I started with some instructions from one of the kids’ knitting books I have out from the library. I cut two rounds of cardboard using a coffee lid as my template. Then I cut two holes in the center of each round. Turns out they should have been a little smaller; leaving them as big as they were meant more yarn and more time spent winding. I used my entire ball of yarn!
That’s a Lion Brand Superwash Merino Cashmere blend. Really nice yarn. But there’s a problem with this picture. Can you see what it is yet? My instructions said to put those two cardboard rounds together and start winding the yarn around them until the middle hole gets filled with yarn. But that won’t work, will it?
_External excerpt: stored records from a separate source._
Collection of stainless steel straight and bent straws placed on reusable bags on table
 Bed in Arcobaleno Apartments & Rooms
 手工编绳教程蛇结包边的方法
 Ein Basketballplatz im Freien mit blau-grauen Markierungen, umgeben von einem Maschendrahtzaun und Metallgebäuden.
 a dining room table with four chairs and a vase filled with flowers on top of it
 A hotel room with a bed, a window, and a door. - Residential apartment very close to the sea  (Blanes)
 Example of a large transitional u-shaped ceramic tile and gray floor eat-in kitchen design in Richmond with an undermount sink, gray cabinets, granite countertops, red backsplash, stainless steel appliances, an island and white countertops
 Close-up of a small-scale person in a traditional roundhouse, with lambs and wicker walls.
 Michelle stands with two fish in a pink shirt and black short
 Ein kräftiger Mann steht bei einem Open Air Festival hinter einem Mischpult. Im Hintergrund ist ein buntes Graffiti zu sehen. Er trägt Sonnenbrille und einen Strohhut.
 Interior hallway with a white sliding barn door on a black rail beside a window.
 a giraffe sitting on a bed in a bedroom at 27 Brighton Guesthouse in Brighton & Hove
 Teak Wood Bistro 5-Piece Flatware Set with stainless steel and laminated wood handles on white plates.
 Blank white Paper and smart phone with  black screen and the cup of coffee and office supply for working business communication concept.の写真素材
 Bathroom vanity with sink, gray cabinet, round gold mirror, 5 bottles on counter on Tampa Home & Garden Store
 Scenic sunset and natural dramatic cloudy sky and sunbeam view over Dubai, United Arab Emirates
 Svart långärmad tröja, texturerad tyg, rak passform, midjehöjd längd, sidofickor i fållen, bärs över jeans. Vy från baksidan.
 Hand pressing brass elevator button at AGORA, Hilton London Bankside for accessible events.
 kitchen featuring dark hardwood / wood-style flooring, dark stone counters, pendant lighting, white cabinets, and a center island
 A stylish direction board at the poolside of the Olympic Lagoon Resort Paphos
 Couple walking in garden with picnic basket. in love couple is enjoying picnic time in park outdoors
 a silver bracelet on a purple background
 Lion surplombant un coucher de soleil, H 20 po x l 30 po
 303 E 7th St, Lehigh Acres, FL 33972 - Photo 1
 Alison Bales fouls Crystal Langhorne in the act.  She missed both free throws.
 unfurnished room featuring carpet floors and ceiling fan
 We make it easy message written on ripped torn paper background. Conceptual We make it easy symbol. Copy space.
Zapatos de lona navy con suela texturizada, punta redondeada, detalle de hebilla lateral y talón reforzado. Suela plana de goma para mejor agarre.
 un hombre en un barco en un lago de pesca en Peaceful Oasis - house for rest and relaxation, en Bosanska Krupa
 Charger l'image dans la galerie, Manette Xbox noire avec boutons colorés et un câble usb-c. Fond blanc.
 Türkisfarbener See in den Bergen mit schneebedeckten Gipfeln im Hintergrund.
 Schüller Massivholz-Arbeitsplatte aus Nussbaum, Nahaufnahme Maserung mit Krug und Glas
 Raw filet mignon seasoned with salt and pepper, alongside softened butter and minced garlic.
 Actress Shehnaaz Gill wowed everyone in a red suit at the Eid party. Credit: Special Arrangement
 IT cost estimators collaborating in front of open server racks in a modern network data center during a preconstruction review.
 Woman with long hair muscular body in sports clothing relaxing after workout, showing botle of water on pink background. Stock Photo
The only way to be able to wind your yarn around the circles is to cut a small piece of the circle out completely, so you can get your yarn into the inner circle for winding. It’s a little hard to see, but there is a chunk taken out of the circle above. This doesn’t present any problem for your pom-pom, but it can be difficult to keep your wound yarn on the ends. I let some of it fall off and even trimmed some when it got in the way – you’re going to end up cutting through the yarn at the top of your round anyway. Here are the instructions that I found most helpful for making pom-poms using cardboard. The only thing that didn’t work for me was leaving a length of yarn between my cardboard rounds for tying my pom-pom together after winding because the ends kept getting in the way as I tried to wind. So I left it out and wrapped a length around the pom-pom between the two cardboard rounds after I cut the yarn. Then I pulled it up tight and tied it off, removed my cardboard rounds and gave the pom-pom a little trim where needed. The instructions suggest making a template to help you trim the pom-pom, but I think you can get away with eyeballing it.
I made the bunny tail delivery the very same morning I heard Mr. Bones was in need of one, complete with the following letter:
From the Office of E. S. Bunny
April 6, 2012
My Dear Mr. Bones,
My office has received word that you are in need of a cotton tail to complete your spring look. As you can imagine, we are quite busy this time of year, but my excellent staff have managed to complete a rush order for you. We do hope this tail is to your liking. Please accept it with our compliments. It is our pleasure to do this for you and your most gracious benefactor, Mrs. G. Do note that the tail is not, strictly speaking, a cotton tail. In recent years we have found that wool makes for a much better tail than cotton. Your tail, Mr. Bones, is made of the finest Merino wool and Cashmere blend. And yes, Mr. Bones, it is washable in cool water. We have left two strings attached to the tail, so you (or perhaps Mrs. G.) can tie them to your (ahem) bones.